A noite que já não tinha sido boa pro Santos Futebol Clube terminou pior ainda — e com barulho, muito barulho. Depois da derrota, o atacante Neymar deixou o gramado sendo vaiado por parte da torcida, algo que, convenhamos, já vinha se desenhando nas últimas partidas. Não foi só o resultado que incomodou, parecia ter um clima mais pesado no ar.
Na saída de campo, num daqueles momentos meio tensos, Neymar levou a mão ao ouvido, gesto clássico no futebol, mas que quase sempre dá problema. Pra muita gente que tava ali no estádio ou acompanhando pela TV, soou como provocação direta. Tipo um “fala mais alto que eu não tô ouvindo”. Só que nem todo mundo comprou essa versão. Teve quem defendesse dizendo que ele só reagiu no calor do momento, coisa de jogo, sabe?
Mas a história não parou por aí.
Horas depois, já mais tranquilo (ou tentando parecer), o camisa 10 foi pras redes sociais. Lá, tentou explicar a situação, meio que justificando a atitude e falando da pressão que vem enfrentando. Em um trecho, soltou a frase: “Não tem ser humano que aguente”. A intenção, talvez, fosse desabafar… só que acabou virando mais combustível pra polêmica.

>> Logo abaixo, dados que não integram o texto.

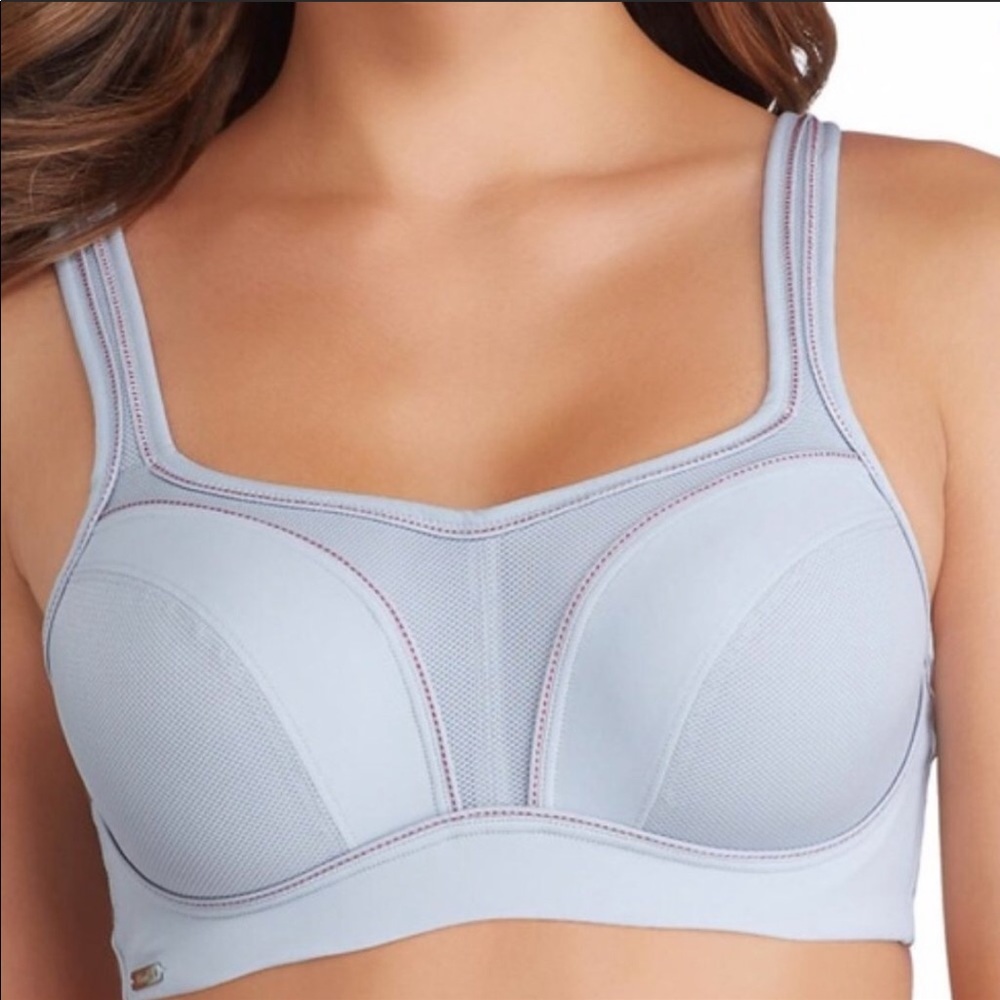NWOT Chantelle High Impact Convertible Sports Bra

E aí entrou em cena um nome de peso.
Durante o programa “Galvão FC”, exibido pelo SBT, o narrador Galvão Bueno resolveu falar o que muita gente já tava pensando — ou pelo menos parte do público. Sem rodeio, ele criticou a fala de Neymar ao vivo, coisa que, aliás, ele tem feito com mais frequência desde que saiu da Globo.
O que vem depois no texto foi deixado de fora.